Saturday, December 19, 2015

Star Wars: The Force Awakens

Plot: Years after The Return of the Jedi, Luke Skywalker is missing, and the Nazi-like First Order is attempting to take over the Galaxy. Pilot Poe Dameron (Oscar Isaac) has a map to where Luke may be, and he gets attacked by First Order & Darth Vadar acolyte Kylo Ren (Adam Driver.) Scavenger Rey (Daisy Ridley) finds cute robot BB-8 and meets an Imperial defector Finn (John Boyega.) They escape on the Millennium Falcon to take the map to the rebels, but soon run into Han Solo (Harrison Ford) and Chewbacca. Before the climatic battle, we see rebel base, an enemy super-weapon, and an X-wing fighter attack. [imdb]    [photos]

Review: The Force Awakes is lots of fun, and cleverly written. It gives us two interesting new characters Rey and Finn, both underdogs and alone in the world. New villain Kylo Ren is a striver; he aspires to be evil, but is conflicted inside. I think will see a more angst from Adam Driver in the following movies.

Daisy Ridley plays Rey with subtlety, and there some great reaction shots. John Boyega's Finn is likable in part because of the character's history, but also because of the personable acting. Two good performances. Adam Driver is less good as Kylo Ren -- too stuffy.

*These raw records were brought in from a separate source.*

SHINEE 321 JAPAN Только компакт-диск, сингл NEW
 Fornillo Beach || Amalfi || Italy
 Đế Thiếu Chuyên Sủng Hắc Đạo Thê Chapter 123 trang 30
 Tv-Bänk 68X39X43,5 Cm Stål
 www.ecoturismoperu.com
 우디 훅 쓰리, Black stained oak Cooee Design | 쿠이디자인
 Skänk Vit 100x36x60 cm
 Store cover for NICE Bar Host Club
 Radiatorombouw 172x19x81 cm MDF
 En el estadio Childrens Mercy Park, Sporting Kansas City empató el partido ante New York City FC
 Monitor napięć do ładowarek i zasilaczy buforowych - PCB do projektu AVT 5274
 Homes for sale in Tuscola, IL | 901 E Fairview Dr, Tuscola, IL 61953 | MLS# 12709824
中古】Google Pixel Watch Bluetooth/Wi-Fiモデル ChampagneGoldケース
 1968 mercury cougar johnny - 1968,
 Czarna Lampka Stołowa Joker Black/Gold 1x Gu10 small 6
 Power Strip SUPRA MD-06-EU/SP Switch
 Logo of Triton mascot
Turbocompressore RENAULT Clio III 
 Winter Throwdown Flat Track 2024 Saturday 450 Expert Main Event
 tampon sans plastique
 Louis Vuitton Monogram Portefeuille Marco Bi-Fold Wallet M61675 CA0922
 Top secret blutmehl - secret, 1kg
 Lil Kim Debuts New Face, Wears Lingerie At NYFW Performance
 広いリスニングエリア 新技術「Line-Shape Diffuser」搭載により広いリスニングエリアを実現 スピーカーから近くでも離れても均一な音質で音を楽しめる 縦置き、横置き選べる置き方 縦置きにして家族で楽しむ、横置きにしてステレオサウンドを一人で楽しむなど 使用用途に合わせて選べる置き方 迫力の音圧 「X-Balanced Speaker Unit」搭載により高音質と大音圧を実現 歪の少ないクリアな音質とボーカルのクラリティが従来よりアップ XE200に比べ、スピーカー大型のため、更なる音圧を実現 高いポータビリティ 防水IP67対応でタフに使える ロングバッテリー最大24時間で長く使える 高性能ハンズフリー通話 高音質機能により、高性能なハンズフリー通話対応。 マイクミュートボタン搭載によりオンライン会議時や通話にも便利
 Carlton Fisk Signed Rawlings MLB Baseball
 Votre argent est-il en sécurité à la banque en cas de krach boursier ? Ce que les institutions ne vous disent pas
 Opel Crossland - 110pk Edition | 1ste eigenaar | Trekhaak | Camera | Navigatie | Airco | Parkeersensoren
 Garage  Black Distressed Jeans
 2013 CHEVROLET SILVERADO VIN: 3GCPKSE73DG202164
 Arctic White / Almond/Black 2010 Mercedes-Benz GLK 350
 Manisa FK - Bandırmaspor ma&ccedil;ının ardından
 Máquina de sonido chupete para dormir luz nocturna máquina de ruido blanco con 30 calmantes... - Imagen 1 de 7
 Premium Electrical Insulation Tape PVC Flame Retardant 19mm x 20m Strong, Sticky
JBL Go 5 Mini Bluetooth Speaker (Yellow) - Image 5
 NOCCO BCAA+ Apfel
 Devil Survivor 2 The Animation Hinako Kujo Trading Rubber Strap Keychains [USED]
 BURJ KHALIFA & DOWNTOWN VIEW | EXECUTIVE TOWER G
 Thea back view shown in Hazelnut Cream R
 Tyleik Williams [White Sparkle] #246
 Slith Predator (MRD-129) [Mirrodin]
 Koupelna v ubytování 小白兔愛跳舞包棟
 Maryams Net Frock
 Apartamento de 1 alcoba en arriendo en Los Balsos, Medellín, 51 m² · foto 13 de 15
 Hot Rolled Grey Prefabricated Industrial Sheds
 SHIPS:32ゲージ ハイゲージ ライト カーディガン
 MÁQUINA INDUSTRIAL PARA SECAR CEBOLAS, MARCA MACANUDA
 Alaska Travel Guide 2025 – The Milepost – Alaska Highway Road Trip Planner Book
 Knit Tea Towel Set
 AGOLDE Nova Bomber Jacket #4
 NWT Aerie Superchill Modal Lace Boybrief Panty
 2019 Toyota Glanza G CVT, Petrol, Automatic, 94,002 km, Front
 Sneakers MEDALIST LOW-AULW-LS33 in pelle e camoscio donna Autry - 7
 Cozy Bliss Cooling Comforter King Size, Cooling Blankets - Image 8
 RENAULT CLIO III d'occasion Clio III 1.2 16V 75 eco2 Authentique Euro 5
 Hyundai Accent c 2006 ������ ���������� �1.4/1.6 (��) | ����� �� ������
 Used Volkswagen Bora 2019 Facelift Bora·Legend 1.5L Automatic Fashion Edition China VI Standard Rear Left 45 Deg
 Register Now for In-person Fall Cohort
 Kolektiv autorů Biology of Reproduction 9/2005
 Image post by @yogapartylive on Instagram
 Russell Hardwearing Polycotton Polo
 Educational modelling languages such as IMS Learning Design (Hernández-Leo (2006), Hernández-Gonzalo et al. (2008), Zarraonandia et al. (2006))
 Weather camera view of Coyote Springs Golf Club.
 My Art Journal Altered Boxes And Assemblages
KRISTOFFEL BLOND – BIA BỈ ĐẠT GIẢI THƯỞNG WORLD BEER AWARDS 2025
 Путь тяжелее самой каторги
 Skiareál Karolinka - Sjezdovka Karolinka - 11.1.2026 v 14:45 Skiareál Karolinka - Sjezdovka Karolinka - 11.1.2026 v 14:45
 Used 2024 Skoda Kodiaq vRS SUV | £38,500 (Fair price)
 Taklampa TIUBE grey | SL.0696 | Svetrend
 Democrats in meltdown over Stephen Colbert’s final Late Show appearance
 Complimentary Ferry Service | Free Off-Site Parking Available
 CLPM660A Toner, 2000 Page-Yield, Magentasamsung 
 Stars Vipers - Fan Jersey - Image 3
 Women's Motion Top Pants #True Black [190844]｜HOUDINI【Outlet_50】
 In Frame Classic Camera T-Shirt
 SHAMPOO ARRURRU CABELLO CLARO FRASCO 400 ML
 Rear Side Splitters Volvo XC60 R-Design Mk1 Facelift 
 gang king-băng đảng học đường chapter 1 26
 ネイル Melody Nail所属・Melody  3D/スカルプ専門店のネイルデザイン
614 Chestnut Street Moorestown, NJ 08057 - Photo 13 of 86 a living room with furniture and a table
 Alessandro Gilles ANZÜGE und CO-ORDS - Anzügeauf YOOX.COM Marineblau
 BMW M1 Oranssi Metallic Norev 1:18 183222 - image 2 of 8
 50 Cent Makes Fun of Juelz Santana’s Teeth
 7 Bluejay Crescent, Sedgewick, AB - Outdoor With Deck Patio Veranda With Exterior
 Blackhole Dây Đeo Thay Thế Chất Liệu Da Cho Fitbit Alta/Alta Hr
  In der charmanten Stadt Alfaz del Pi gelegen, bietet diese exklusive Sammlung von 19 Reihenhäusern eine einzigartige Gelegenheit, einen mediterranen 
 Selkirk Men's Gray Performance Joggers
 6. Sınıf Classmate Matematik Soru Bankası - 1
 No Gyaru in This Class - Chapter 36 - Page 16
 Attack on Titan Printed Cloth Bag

The script got so many things right. It skip over details of the old story, and pick up key points with new characters. We have the old characters for familiarity, but they are not involved too much. The replacement of Darth Vader with another villain is hard, and we will see how Kylo Ren evolves.

The movie is more about friendship and sacrifice than it is about good and evil. The movies may be about the ascent of Rey, who begins as garbage picker, and who seems to have bottomless potential.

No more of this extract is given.